Stored items:
* * * * * * *
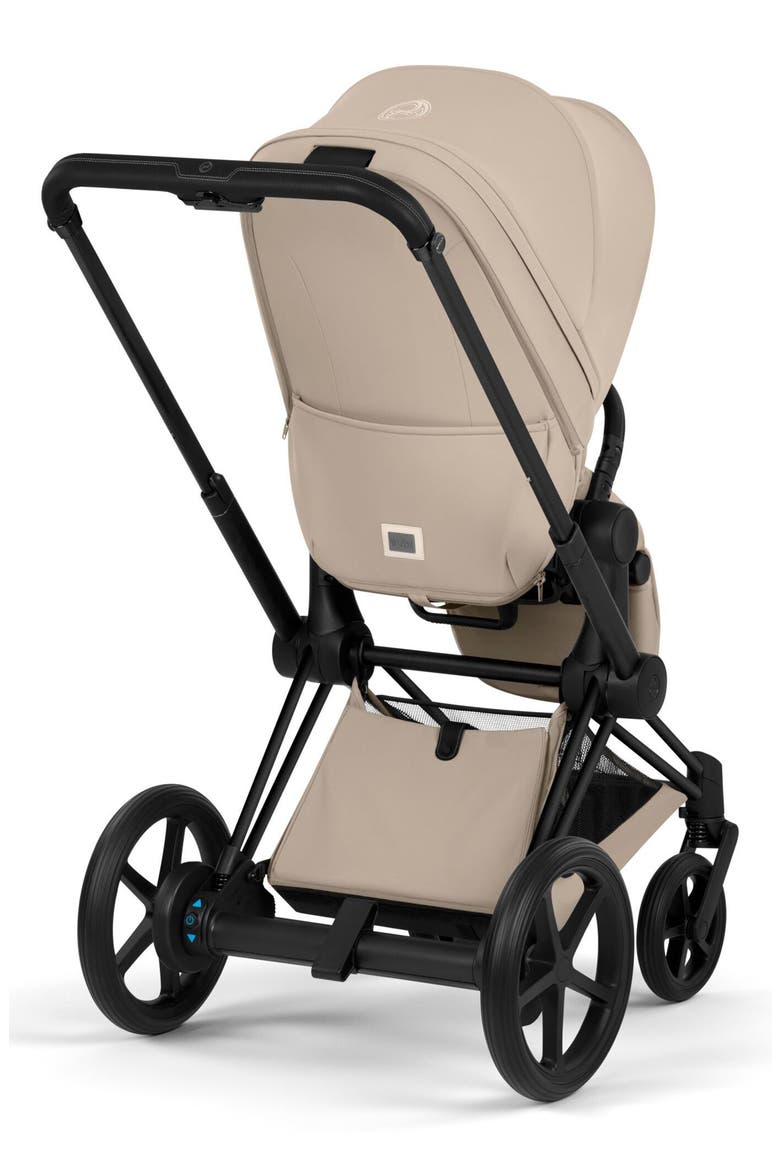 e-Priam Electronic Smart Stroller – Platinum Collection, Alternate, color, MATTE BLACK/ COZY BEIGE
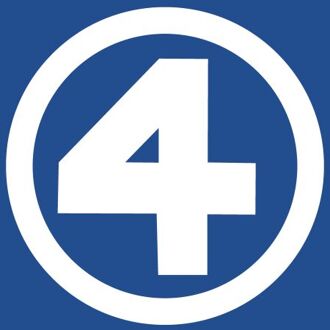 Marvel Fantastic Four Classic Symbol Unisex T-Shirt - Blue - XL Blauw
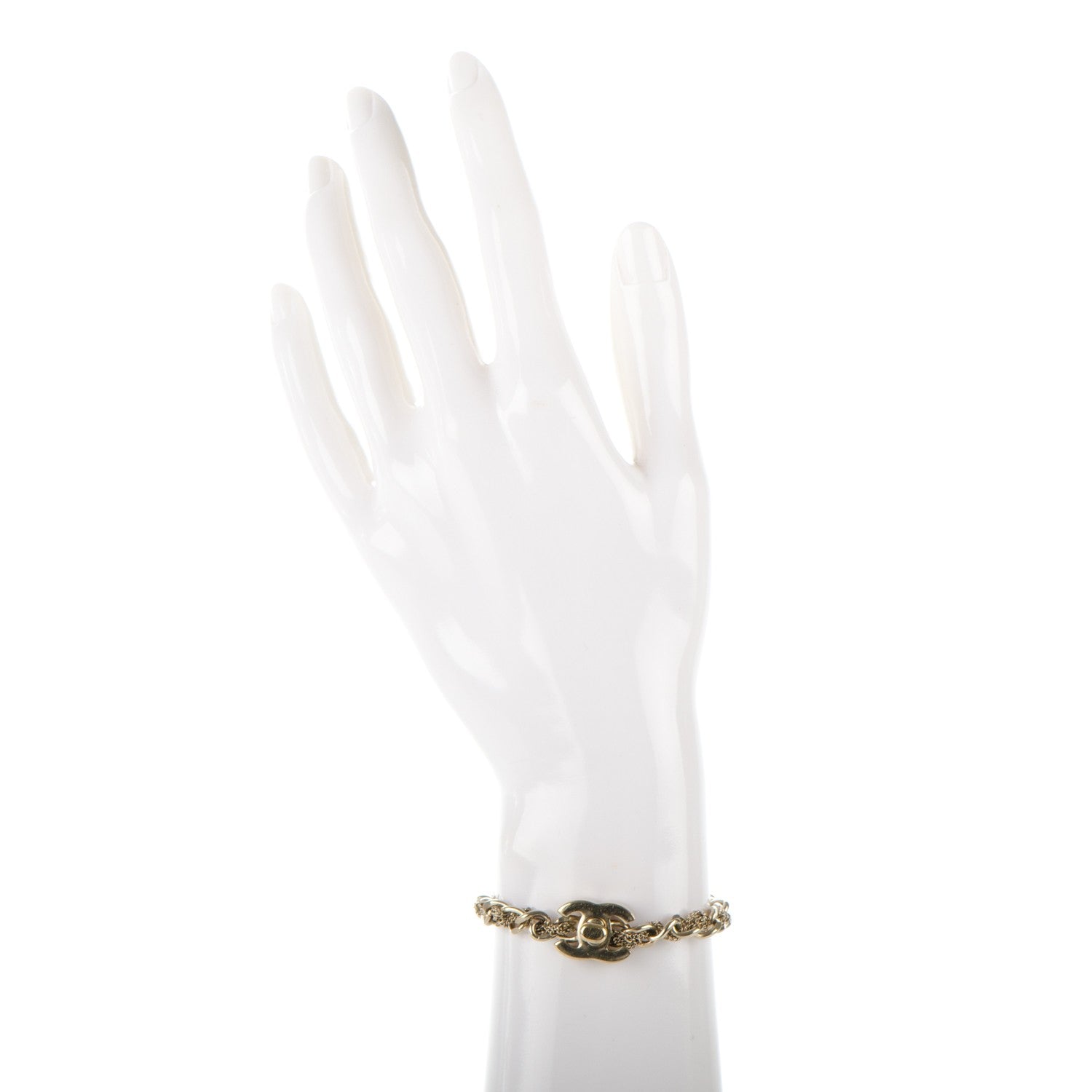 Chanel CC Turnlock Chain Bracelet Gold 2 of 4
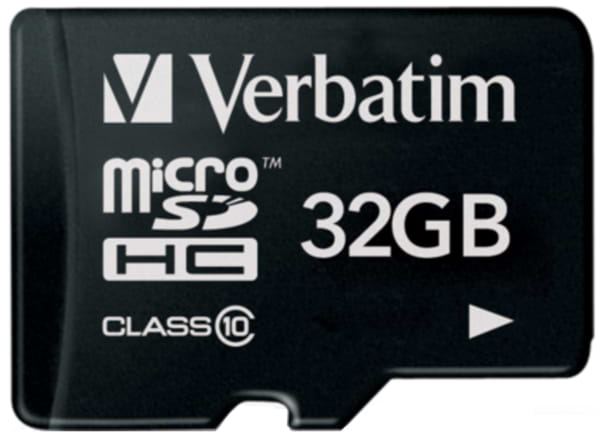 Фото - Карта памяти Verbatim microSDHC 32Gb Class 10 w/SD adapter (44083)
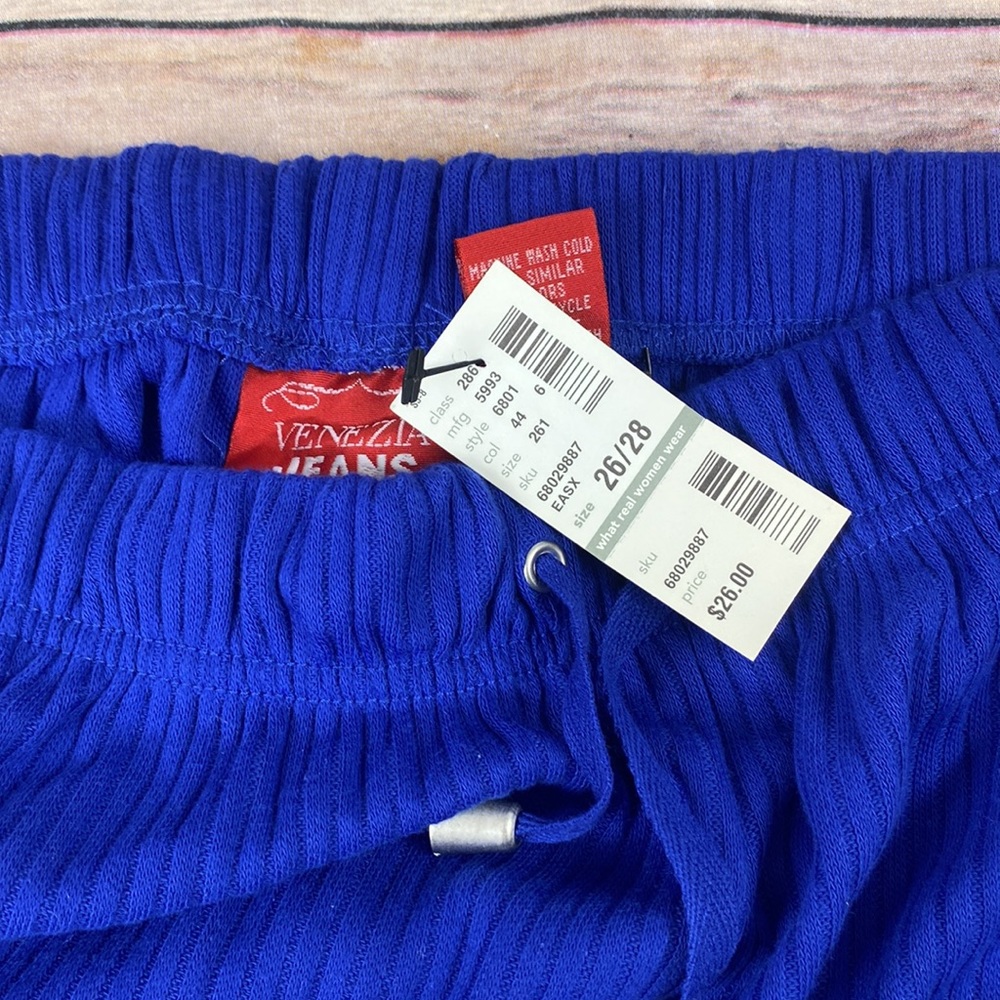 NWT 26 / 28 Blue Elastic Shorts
* * * * * * *
● **Work item**: Could you print all the entries exactly as they stand, with the pictures left out?

● **Exercise answer**:
 e-Priam Electronic Smart Stroller – Platinum Collection, Alternate, color, MATTE BLACK/ COZY BEIGE
 Marvel Fantastic Four Classic Symbol Unisex T-Shirt - Blue - XL Blauw
 Chanel CC Turnlock Chain Bracelet Gold 2 of 4
 Фото - Карта памяти Verbatim microSDHC 32Gb Class 10 w/SD adapter (44083)
 NWT 26 / 28 Blue Elastic Shorts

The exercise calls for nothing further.